1. Preparation: What kind of test is this? Knowing the format of a test lets you understand what information and skills are valuable for the test. Studying for a multiple choice test is very different from studying for an in-class essay. Email or stop in to see your teacher and find out what sort of test you are taking. It may be helpful to explain that you have test anxiety for him/her to understand why you are there.
2. Preparation: What do I know about the book? This is a summer reading test, which I assume is on a book you had to read over the summer. To prepare, go through your knowledge of the book. Here are some sample questions you can ask yourself to review key information:
- Who are the protagonists (main characters)? What are their relationships with each other?
- Who are the antagonists (main villains)? What makes these people/this person a villain?
- Where does this story take place? When does it take place?
- What is the main conflict of the story?

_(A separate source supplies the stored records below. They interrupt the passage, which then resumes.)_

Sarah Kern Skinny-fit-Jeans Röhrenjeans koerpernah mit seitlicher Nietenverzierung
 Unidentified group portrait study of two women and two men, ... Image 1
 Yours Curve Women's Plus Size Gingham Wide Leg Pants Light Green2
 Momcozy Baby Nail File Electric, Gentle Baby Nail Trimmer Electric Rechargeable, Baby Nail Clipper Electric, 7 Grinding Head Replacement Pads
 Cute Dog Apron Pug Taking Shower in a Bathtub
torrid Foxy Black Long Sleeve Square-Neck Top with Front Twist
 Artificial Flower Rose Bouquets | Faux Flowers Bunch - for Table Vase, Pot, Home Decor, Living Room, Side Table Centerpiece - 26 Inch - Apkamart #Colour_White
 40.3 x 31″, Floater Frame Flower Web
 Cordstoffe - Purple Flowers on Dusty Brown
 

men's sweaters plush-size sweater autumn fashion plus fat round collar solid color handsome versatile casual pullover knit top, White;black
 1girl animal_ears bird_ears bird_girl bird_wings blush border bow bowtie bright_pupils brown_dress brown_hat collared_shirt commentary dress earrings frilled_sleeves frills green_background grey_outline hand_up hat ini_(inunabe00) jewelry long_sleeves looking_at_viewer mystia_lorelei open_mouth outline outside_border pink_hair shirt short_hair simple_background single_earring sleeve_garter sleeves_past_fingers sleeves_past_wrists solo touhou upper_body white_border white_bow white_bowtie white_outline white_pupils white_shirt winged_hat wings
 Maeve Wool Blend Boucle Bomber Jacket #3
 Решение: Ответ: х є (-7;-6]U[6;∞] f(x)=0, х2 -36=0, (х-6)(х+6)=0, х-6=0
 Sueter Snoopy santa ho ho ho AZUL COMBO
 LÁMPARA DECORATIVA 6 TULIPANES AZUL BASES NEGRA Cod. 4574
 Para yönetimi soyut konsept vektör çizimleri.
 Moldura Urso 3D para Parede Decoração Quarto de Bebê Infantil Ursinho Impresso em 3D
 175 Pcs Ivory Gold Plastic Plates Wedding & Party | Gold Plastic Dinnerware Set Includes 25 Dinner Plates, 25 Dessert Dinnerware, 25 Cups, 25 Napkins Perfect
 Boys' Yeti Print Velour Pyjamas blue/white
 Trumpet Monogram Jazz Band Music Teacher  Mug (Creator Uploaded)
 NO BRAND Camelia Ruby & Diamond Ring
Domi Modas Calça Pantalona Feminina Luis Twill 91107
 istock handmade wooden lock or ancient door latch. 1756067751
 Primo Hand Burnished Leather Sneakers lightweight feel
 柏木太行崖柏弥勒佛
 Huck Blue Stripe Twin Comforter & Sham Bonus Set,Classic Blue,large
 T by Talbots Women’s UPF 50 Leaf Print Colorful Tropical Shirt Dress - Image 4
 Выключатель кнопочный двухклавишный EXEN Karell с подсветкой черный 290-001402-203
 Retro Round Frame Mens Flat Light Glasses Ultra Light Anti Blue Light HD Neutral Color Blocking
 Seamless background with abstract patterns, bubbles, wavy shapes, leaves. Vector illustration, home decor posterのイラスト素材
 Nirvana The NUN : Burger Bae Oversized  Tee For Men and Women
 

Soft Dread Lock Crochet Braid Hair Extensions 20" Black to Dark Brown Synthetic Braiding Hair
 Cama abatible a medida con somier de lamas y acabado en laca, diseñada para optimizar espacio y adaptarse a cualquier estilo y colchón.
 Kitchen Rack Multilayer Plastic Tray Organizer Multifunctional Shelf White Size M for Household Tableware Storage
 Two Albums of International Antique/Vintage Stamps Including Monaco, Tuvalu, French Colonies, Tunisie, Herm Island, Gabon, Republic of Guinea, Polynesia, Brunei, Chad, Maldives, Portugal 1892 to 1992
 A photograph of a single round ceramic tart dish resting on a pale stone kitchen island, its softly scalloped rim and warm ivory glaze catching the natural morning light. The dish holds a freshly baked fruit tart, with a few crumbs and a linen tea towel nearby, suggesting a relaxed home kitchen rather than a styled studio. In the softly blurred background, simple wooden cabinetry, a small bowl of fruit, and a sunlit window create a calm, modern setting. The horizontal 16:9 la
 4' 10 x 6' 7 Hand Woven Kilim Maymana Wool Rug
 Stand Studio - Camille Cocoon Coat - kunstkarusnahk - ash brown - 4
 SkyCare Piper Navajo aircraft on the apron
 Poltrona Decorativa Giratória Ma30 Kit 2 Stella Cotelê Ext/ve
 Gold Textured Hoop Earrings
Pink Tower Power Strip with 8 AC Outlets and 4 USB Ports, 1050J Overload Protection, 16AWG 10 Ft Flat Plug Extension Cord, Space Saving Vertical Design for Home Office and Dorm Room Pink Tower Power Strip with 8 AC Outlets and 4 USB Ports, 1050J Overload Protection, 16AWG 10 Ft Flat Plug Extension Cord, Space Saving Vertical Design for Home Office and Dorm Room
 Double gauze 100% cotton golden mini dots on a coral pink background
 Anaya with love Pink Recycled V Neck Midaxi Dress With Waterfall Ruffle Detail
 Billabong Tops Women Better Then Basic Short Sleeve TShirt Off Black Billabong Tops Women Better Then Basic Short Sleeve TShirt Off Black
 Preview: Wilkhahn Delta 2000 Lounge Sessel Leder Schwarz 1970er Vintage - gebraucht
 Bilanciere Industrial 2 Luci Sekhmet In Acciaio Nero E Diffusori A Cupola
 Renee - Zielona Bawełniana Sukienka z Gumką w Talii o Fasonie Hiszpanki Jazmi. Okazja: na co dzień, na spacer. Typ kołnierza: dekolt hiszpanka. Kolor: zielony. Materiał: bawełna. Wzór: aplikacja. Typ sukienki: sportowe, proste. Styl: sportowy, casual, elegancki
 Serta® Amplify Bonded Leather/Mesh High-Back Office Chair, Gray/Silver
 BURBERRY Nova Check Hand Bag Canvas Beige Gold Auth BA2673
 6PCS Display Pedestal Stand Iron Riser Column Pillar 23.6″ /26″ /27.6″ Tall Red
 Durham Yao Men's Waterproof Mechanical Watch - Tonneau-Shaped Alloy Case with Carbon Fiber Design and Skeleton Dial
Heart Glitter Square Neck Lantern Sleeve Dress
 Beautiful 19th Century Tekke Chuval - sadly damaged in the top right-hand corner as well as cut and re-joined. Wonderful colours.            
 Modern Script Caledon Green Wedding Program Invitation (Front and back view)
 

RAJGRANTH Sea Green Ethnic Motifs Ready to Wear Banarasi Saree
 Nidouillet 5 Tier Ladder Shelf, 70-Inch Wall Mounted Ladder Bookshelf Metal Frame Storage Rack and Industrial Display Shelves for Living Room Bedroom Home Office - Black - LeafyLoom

What sort of struggle is the protagonist up against, or what sort of task does he/she have to accomplish?
- Can you identify any main ideas or concepts that this book seems to be about (example: friendship, growing up, forgiveness, accepting difference)?
- Is there any sort of phrase or object that appears again and again in the book? If so, why does it keep reappearing? What makes it important?
3. Preparation: Getting ready to take the test Avoid the urge to put off studying until the last possible minute. If you are the kind of person who likes talking to others, find a study buddy from class who you can talk to about the book. If you need silence to concentrate, make up some flashcards and flip through them. The night before the test, make sure that you assign yourself studying time: you get half an hour, and then you have another half hour to decompress before you go to bed. Remember - actually go to bed. Exhaustion makes anxiety 100x worse.
4. Taking the Test Try to arrive early to the test site, and make sure ahead of time that you have everything you will need: pencil, eraser, scrap paper, water, a snack, stress ball - whatever floats your boat! While you are there, take your time. Read each question carefully and take time to think about your response. Many students read quickly and don't even answer the question that the test is asking - they answer a question that they think the test is asking. Don't make that mistake!
5. After the Test Meet with your teacher! Ask for feedback on your performance and for advice on future tests. A little proactive conversation goes a long way to ensuring your next test will be better and less stressful.